Agriculture Intelligente face au Climat
Aides Financières pour les Entreprises Agricoles
Que ce soit dans le cadre de la création ou du développement de l’entreprise agricole, il est possible de prétendre à diverses aides financières. Parmi les aides qu’il peut obtenir, on retrouve les aides agro-environnementales destinées à soutenir les pratiques agricoles qui sont à la fois respectueuses de l’environnement et innovantes. Le montant de la DJA comprend une base qui varie suivant le statut de l’exploitant agricole. Il est possible que cette aide fasse l’objet d’une majoration suivant des critères de modulation, qui confèreront un surplus au montant de base. Précisons que la dotation jeune agricole est plafonnée à 65 000 euros. Son montant dépend notamment du lieu du siège d’exploitation. Pour bénéficier de la DJA, il faudra remplir également un certain nombre de critères d’éligibilité. Comme l’indique son nom, la dotation jeune entrepreneur est surtout destinée aux personnes peu avancées en âge.
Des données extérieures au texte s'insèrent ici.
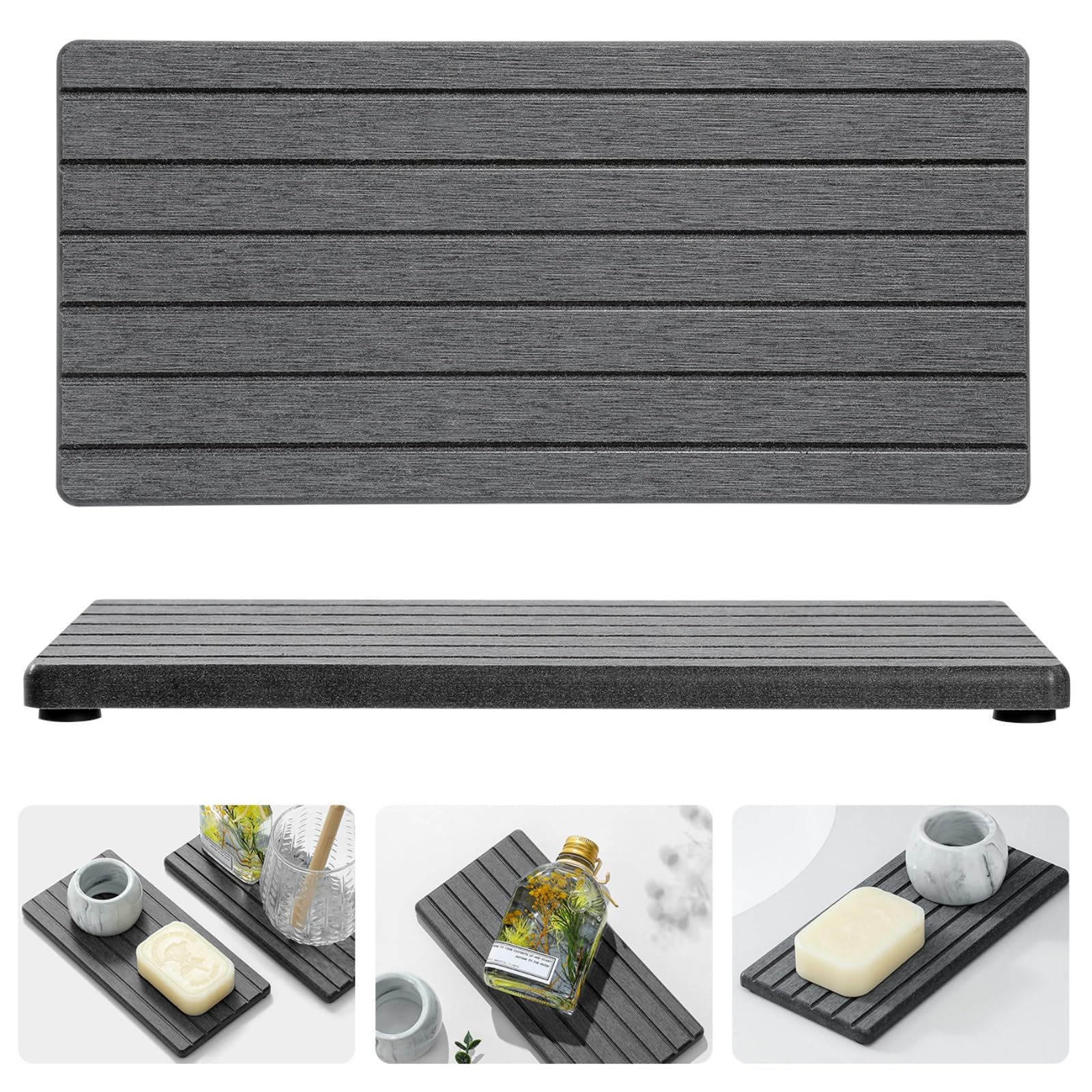 2PCS Diatomite Water Absorbing Stone Drying Tray Mat for Bathroom & Kitchen Counter (2 Count)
En effet, il est essentiel que l’exploitant agricole ait moins de 40 ans au moment d’effectuer sa demande d’aide. Si ce n’est pas le cas, il faut qu’il justifie au moins d’un titre de séjour qui lui donne l’autorisation de travailler sur le territoire français durant la période d’engagement. L’ACRE est accessible à toute personne désireuse de créer une entreprise agricole. Il se traduit par une exonération dégressive des charges personnelles de l’exploitant durant une année. L’entrepreneur agricole bénéficie d’une exonération complète des charges dans le cas où ses gains seraient inférieurs ou égaux à 30 393 euros. C’est l’une des principales démarches classiques que les entrepreneurs agricoles accomplissent pour financer la création de l’entreprise. Deux types de prêts sont particulièrement destinés à soutenir les nouveaux exploitants. Tout entrepreneur agricole éligible à la dotation jeune entrepreneur peut en bénéficier. Au sujet du prêt d’honneur à taux 0, il peut être obtenu auprès des plateformes d’initiatives locales ou PFIL.
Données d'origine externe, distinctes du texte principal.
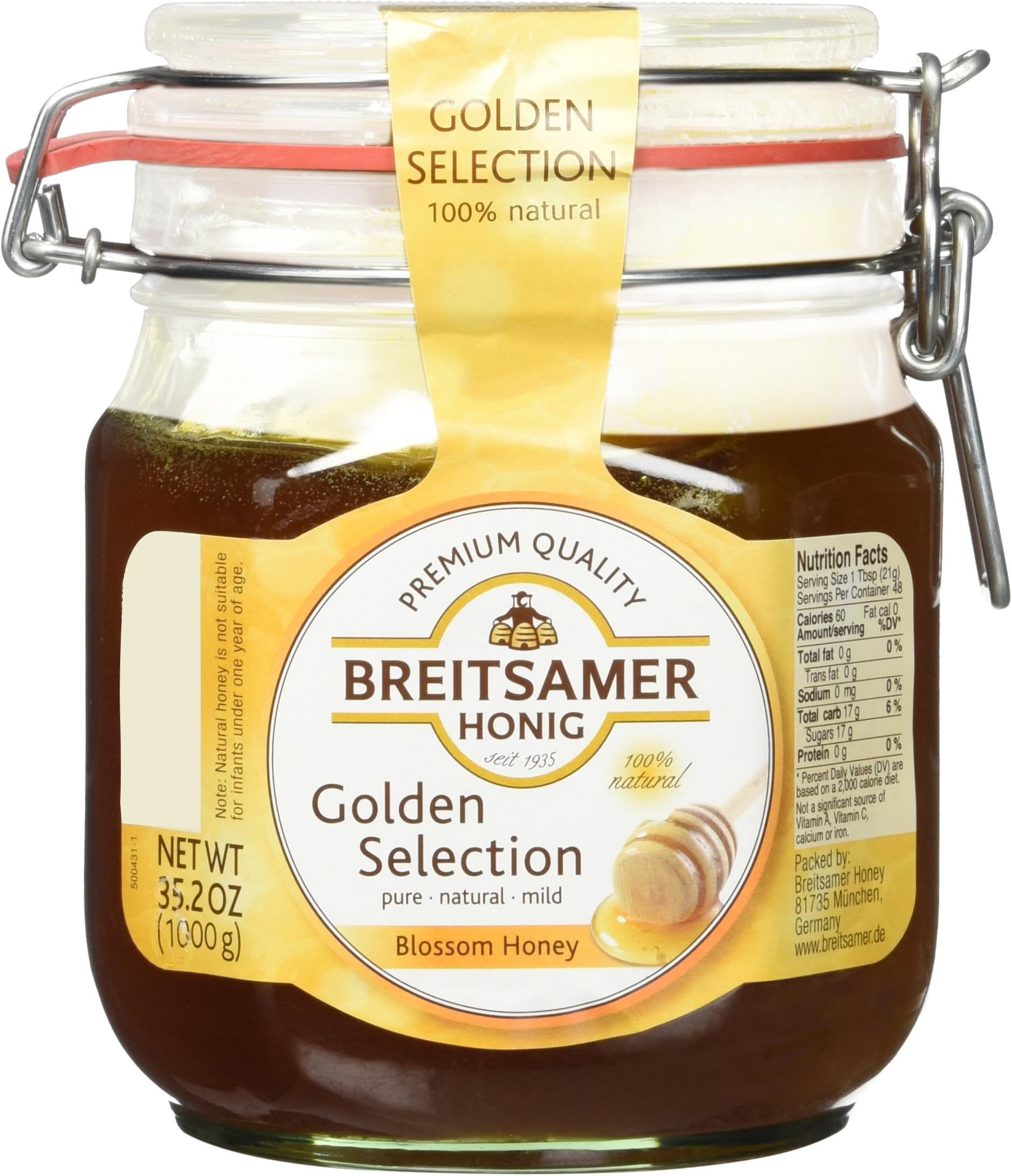 Breitsamer Golden Selection Honey, Flip-Top Jar, 35.27 Ounce by Breitsamer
Tableau récapitulatif des aides financières
| Aide Financière | Description | Conditions d'éligibilité |
|---|---|---|
| Aides agro-environnementales | Soutien aux pratiques agricoles respectueuses de l'environnement et innovantes | Dépend des pratiques mises en œuvre |
| Dotation Jeune Agriculteur (DJA) | Aide à l'installation des jeunes agriculteurs | Avoir moins de 40 ans, remplir critères d'éligibilité |
| ACRE | Exonération dégressive des charges personnelles de l'exploitant durant une année | Être créateur d'entreprise agricole |
| Prêt d’honneur à taux 0 | Prêt sans intérêt pour les nouveaux exploitants | Être éligible à la Dotation Jeune Agriculteur (DJA) |
Comment Monter un Projet Agricole ?
L’exploitant doit avant tout déterminer l’activité. Cette étape consiste à définir les techniques de production. Ensuite, il faudra définir les volumes et les moyens avant de chiffrer les investissements nécessaires pour mener à bien le travail. Une fois cela fait, le futur entrepreneur agricole devra calculer le revenu prévisionnel et étudier le financement du projet.